WHAT TO DO | Each line in the records below, from the one that contains "2302 Cartier Dr" to the one that contains "Smiling man in", should be reproduced exactly, the first and last included.

EXCERPTED RECORDS |
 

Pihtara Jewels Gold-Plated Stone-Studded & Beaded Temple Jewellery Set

* * *

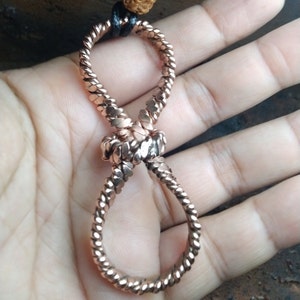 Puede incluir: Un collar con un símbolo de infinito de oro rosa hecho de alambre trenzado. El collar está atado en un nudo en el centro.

==

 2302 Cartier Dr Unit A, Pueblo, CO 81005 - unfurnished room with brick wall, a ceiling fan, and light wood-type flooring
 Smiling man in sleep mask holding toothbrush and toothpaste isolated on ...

REPLY TO THE TASK |
 2302 Cartier Dr Unit A, Pueblo, CO 81005 - unfurnished room with brick wall, a ceiling fan, and light wood-type flooring
 Smiling man in sleep mask holding toothbrush and toothpaste isolated on ...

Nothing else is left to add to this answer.